= Jakandor, Land of Legend =

1998 role-playing supplement

Cover art by Terese Nielsen

Jakandor, Land of Legend is a role-playing game supplement published by TSR for the second edition of Advanced Dungeons & Dragons. It is the third of three supplements about the Isle of Jakandor.

==Contents==
The first sourcebook about Jakandor, Island of War, introduced the land of Jakandor, populated by two antagonistic societies: the barbarian Knorr, who have been exiled to this island by their patron deity for their sins, and the Charonti, a race of once mighty necromancers seeking to rediscover their past glory. The first book focused on the Knorr. The second book, Jakandor, Isle of Destiny, described the mortal enemies of the Knorr, the Charoni.

The third book in the trilogy, Jakandor, Land of Legend, presents a number of adventures that are designed to move towards a final battle between the two cultures. The book also includes a complete map of Jakandor — in the previous two books, only the parts relevant to each society were given. The setting uses the rules for the second edition of Dungeons & Dragons.

The book is unusual in that players can decide which side they wish to join, the Knorr or the Charoni.

==Publication history==
In 1996, TSR started a new series of supplements for the second edition of AD&D titled "Odyssey". The first three outlined the Savage Coast setting. These were followed in 1997–98 by a trilogy of books about an island called Jakandor: Jakandor, Island of War (1997), Jakandor, Isle of Destiny (1998), and Jakandor, Land of Legend (1998). The third book, Land of Legend, is a 148-page softcover book designed by Dale Donovan, with cover art by Terese Nielsen, interior art by Rick Tucker and Todd Lockwood, and cartography by Rob Lazzaretti, Dennis Kauth and Dave "Diesel" La Force.

Although at least one more Jakandor book was originally planned, it was never developed because the focus of TSR and Wizards of the Coast turned to development of the third edition of D&D.

==Reception==
The Brazilian magazine Coleção Dragão Brasil called the Jakandor series "one of the most innovative AD&D products of recent times." The editors noted that Land of Legend included tips for how to adapt the setting to a home campaign, but felt this was probably not possible because "it is difficult to include other characters on the island."

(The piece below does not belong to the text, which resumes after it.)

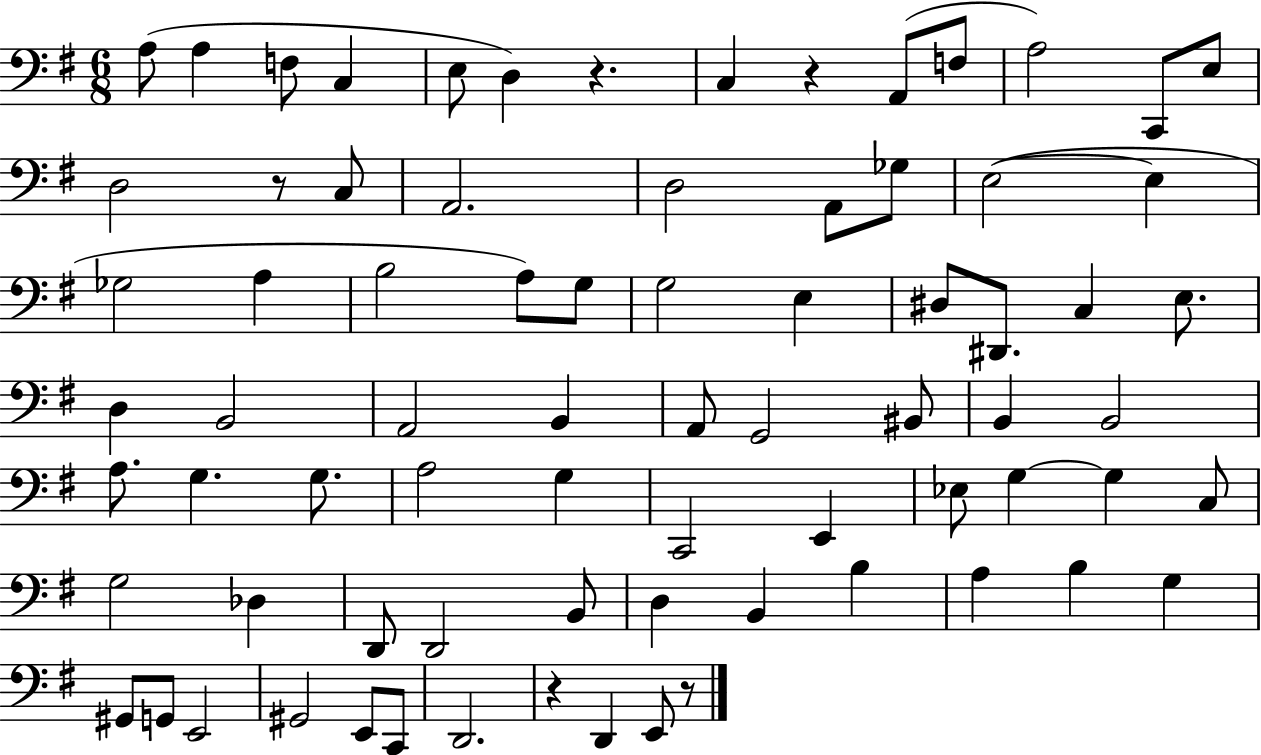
A3/e A3/q F3/e C3/q E3/e D3/q R/q. C3/q R/q A2/e F3/e A3/h C2/e E3/e D3/h R/e C3/e A2/h. D3/h A2/e Gb3/e E3/h E3/q Gb3/h A3/q B3/h A3/e G3/e G3/h E3/q D#3/e D#2/e. C3/q E3/e. D3/q B2/h A2/h B2/q A2/e G2/h BIS2/e B2/q B2/h A3/e. G3/q. G3/e. A3/h G3/q C2/h E2/q Eb3/e G3/q G3/q C3/e G3/h Db3/q D2/e D2/h B2/e D3/q B2/q B3/q A3/q B3/q G3/q G#2/e G2/e E2/h G#2/h E2/e C2/e D2/h. R/q D2/q E2/e R/e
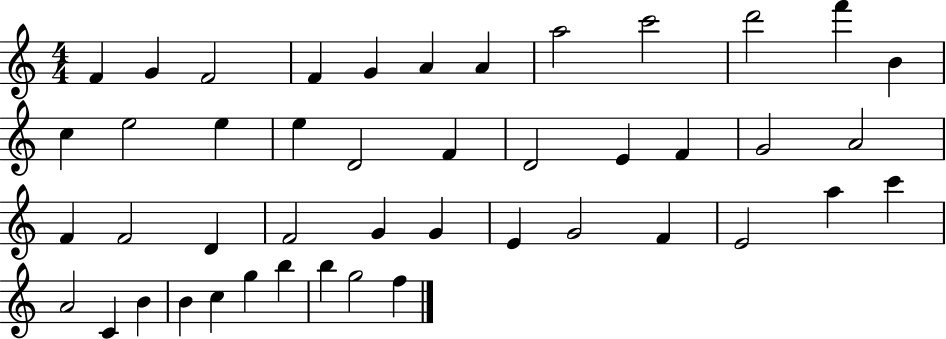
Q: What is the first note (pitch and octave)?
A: F4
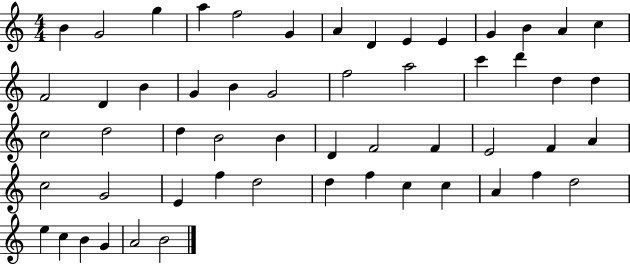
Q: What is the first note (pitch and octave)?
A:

Writing for Dragon Slayer, Paladino noted that most D&D products to this time had been "always marked by Manichaeism — the Christian doctrine that preaches the eternal battle between Good and Evil. Adventurous heroes of Good fight monsters of Evil." But Paladino noted that the Jakandor series "is one of the few AD&D products without a clear distinction between Good and Evil." Although Land of Legend included rules for adapting the Jakandor setting to other campaigns, Paladino pointed out the unlikelihood of that happening because of the limited racial and class choices: "It doesn't bring much freedom of choice for players since only humans live [on Jakandor] — and each side has severe class restrictions." Paladino concluded by giving the series an excellent rating of 6 out of 6, saying, "Jakandor is remarkable for its conflict between barbarian and civilized, brute force against magic... and no villains. No good or bad side, right or wrong. Something very, very rare in the entire history of D&D.